Next appears the acknowledgment of indebtedness. The borrower's name is inserted. It is not necessary to add after his name his place of residence. That is often done however for identification. The borrower is designated as the obligor; he gives his obligation. He acknowledges himself indebted to the lender, known as the obligee; the person who receives the obligation. Often there are several borrowers. Bearing in mind that the lender wants the fullest security, it is customary in such event to insert the words "jointly and severally" following the names of the borrowers. By such an obligation the lender may collect from any one or all of the borrowers. Each of them makes himself liable to pay the entire indebtedness. Of course they may have any arrangement they wish between themselves for contribution, but no burden is placed on the lender to collect proportionately from them.

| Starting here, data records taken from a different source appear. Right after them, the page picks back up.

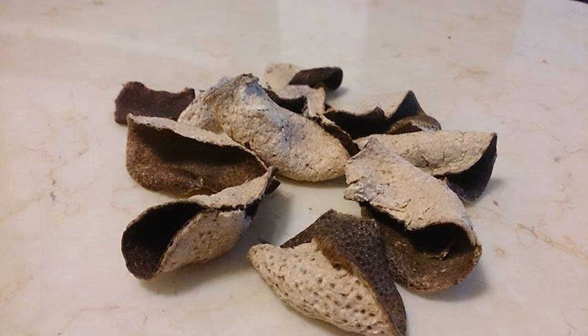Traditional Chinese herbal medicine uses the alcohol extracts of several citrus peels, including those extracted from Mandarin orange and bitter orange.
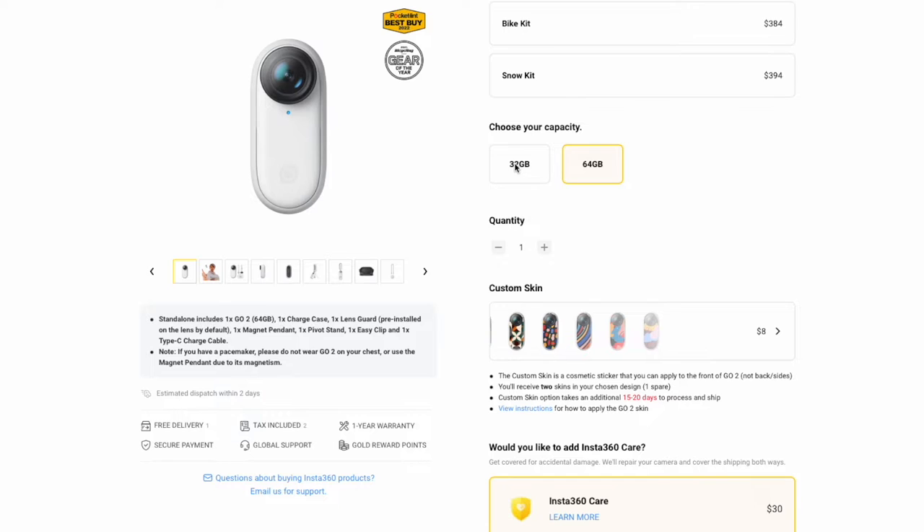Quick overview of specs. There are two storage options: 32GB and 64GB. I opted for the 64GB option. Even though it's hard to fill 32GB of footage in one go, it usually does require an additional charge unless you're shooting all in one go and not toggling it on and off. But I wanted that peace of mind.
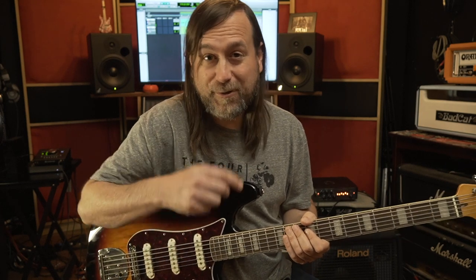I filmed a little playthrough of me doing this song on the Bass VI. I added in the acoustic from the original tracking and a little bit of the mix in there as well. I hope you enjoy it.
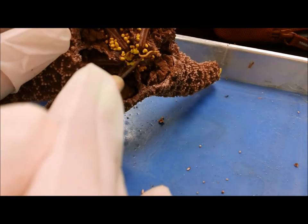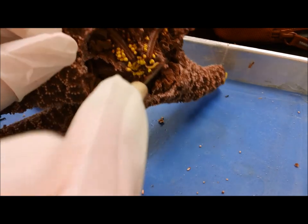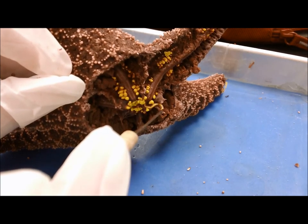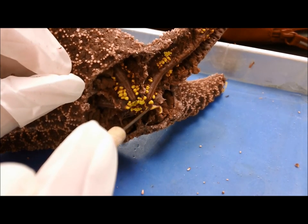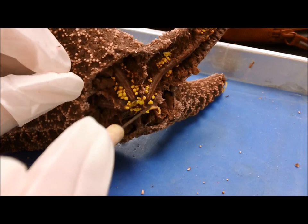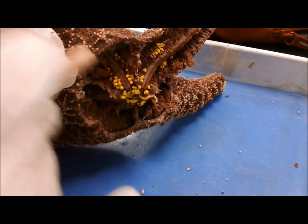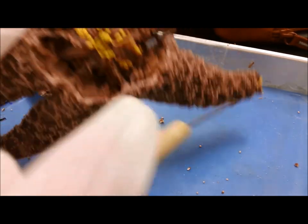And that right there — do you see this little tube-like thing that's yellow? That went up to the madreporite, the little sieve plate, the little pressure release. So if it needs to release a lot of water — if there's too much water pressure in there — water would come out through there.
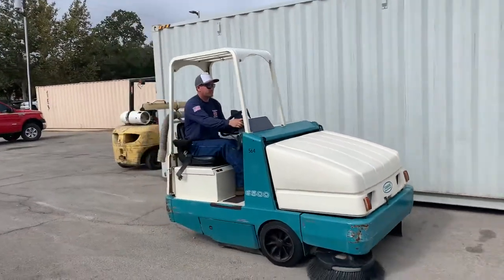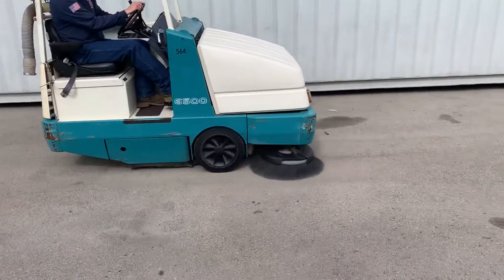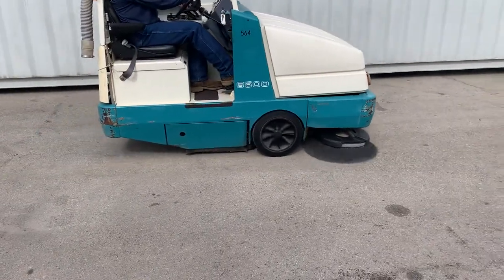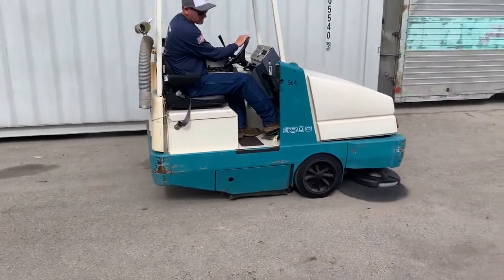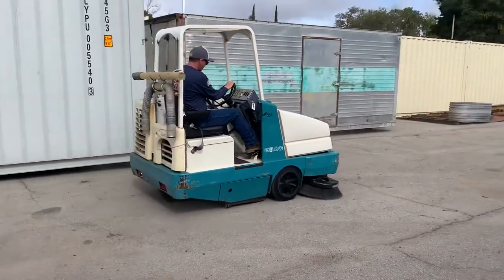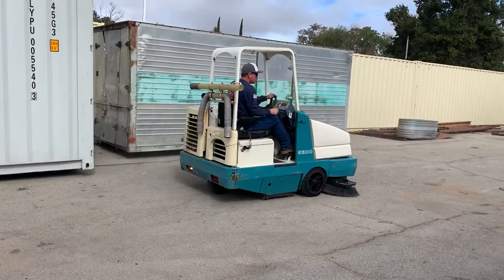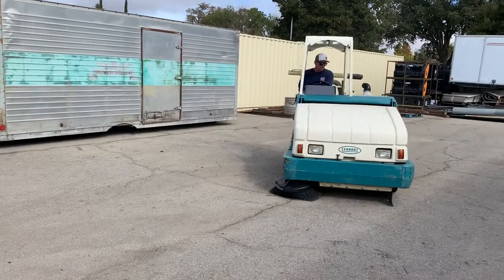Nice unit. There's the side broom for the curb. The main broom is working — you can see the dust flying — but we can't figure out how to lower it.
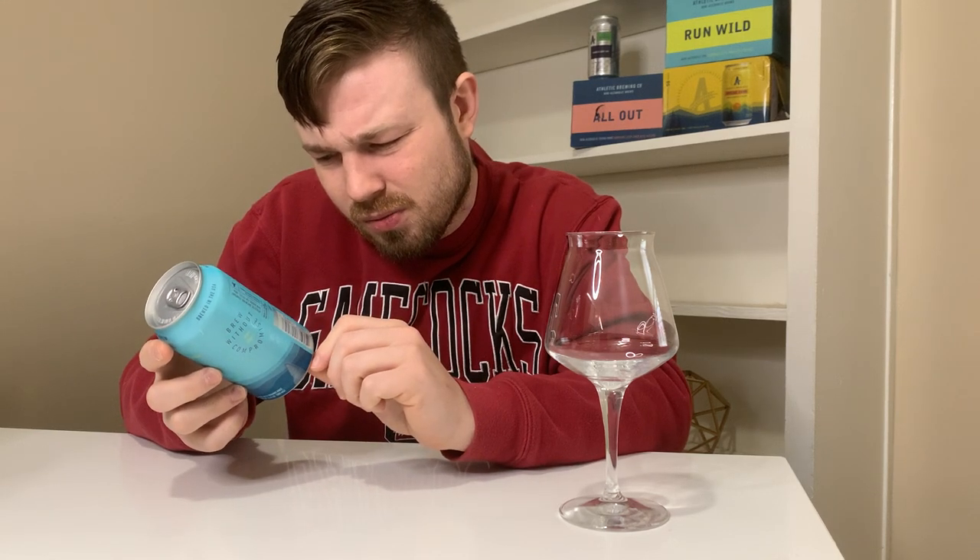So here we are — Athletic Brew Co., Run Wild non-alcoholic IPA. Any words here? Not really. Brewing USA. Certified organic by Baystate Organic Certified — so that's cool. Ingredients: water, barley, organic Vienna malt, hops, yeast. So maybe not all organic — it just says made with organic malt. But that's okay.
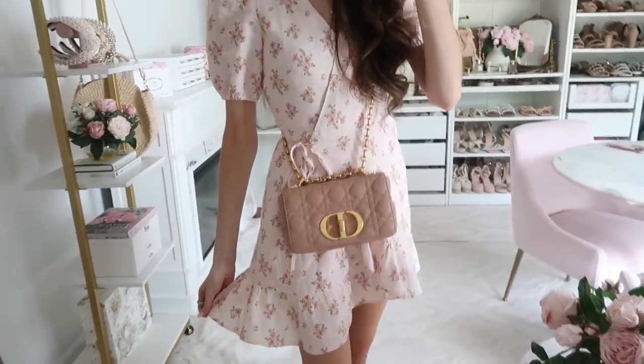The only real con about this bag is the size. You can see how much fits inside, but if you're someone who wants to carry a water bottle or an extra cardigan, this isn't going to work — that's what a tote bag is for. If sizing is a concern, consider going up to the medium. Personally though, I do not regret getting the small at all. I'm so happy with it.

Following the designation of the obligee is stated the amount of the indebtedness; "........................dollars, lawful money of the United States." That is the usual form, and calls for any sort of legal tender of the United States; gold, United States notes, silver dollars and fractional currency in limited amounts. Bank notes, silver and gold certificates and certificates of deposit are not legal tender. In many countries the national paper money is worth less than its face value. While this is not so in the United States, nevertheless many foreign lenders desire that the borrower obligate himself to pay "in gold coin of the United States of the present weight and fineness." A bond containing such a form of obligation is known as a gold bond. Upon payment of such a bond the lender may accept payment in paper money, but should it be depreciated, he need not take it; he may insist on payment in gold.